Now Schultz’s campaign will probably go nowhere, but every single electoral factor that pushes the needle toward Trump being re-elected needs to be resisted.  In that spirit, I present to you ten minutes of oppo research, courtesy of me and Google:

Howard Schultz explaining how a working class Jewish kid from a family where nobody had ever gone to college, and who grew up in the Brooklyn projects, ended up attending Northern Michigan University, on the shores of Lake Superior, and thus approximately seventeen parsecs from Brooklyn, both geographically and culturally:

My biggest triumph in high school was becoming quarterback, which made me a Big Man on Campus among the 5,700 students of Canarsie High. The school was so poor that we didn’t even have a football field, and all our games were away games. Our team was pretty bad, but I was one of the better players on it.

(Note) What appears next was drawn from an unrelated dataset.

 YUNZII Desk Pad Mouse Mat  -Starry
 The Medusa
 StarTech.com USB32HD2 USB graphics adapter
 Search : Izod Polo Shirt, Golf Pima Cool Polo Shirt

One day, a recruiter came to scout an opposing player at one of our games. I didn’t know he was there. A few days later, though, I received a letter from what, in my frame of reference, sounded like another planet, Northern Michigan University. They were recruiting for the football team. Was I interested? I whooped and hollered. It felt as good as an invitation to the NFL draft.

Northern Michigan eventually offered me a football scholarship, the only offer I got. Without it, I don’t know how I could have realized my mother’s dream of going to college.

During spring break of my last year in high school, my parents drove me to see this unimaginable place. We drove nearly a thousand miles to Marquette, in the Upper Peninsula of Michigan. We had never been outside New York, and my parents were caught up in the adventure of it. We drove across wooded mountains, through vast stretches of flat fields, past huge lakes that looked like oceans. When we finally arrived, the campus looked like an America I had seen only in the movies, with budding trees, laughing students, flying frisbees.

I was out of Brooklyn at last.

Hmmm. There’s something kind of off about this story.  Northern Michigan is and was a Division II football program, meaning it’s very small time compared to the stuff you see on TV. The idea that it had a “recruiter” (this would be a coach, right? Why not say “a coach?”) scouting a football game in the Carnasie area of Brooklyn in 1971 — not exactly a hotbed of high school football, either then or now — sounds questionable.   Let’s look around a bit.  Oh lookie here:

In high school I played football, and I saw the sport as a potential path out of the projects. In 1971, I arrived at Northern Michigan University—a world away from Canarsie—with the hope of getting a football scholarship, but it never materialized. I stayed at NMU and paid my way through school with student loans and part-time jobs. I even sold my blood for cash when things got really tough.

In 1975, I became the first in my family to graduate college. Unfortunately, my parents could not afford to attend the graduation ceremony, but I knew my mother was proud.

Okey dokey.  By itself this isn’t exactly the same thing as getting underage Russian hookers to [redacted], but this is literally the only thing I’ve ever checked out about this guy, and it turns out to be a lie that he himself cops to after the fact. What else in his autobiography is made up?

For example, this would seem to merit further inquiries:

During my childhood, I never dreamed of working in business. The only entrepreneur I knew was my uncle, Bill Farber. He had a small paper factory in the Bronx, where he later hired my father as a foreman.

OK kid, you grew up in the projects, but mom’s brother owned a factory. How exactly did you pay out of state tuition at NMU? (ETA: While in-state tuition was dirt cheap in the early 1970s, out of state tuition would have been a huge barrier to the typical working class kid, especially considering he could have gone to a New York state system school for next to nothing at that time).  Could Mom really not afford to go to your graduation, even with a little help from Uncle Bill? Especially considering:

I loved the freedom and the open space of college, although I felt lonely and out of place at first. I made some close friends my freshman year and ended up rooming with them for four years, on and off campus. Twice I sent for my brother and he flew out to visit.

You get the idea.

I don’t think this guy is ready for prime time.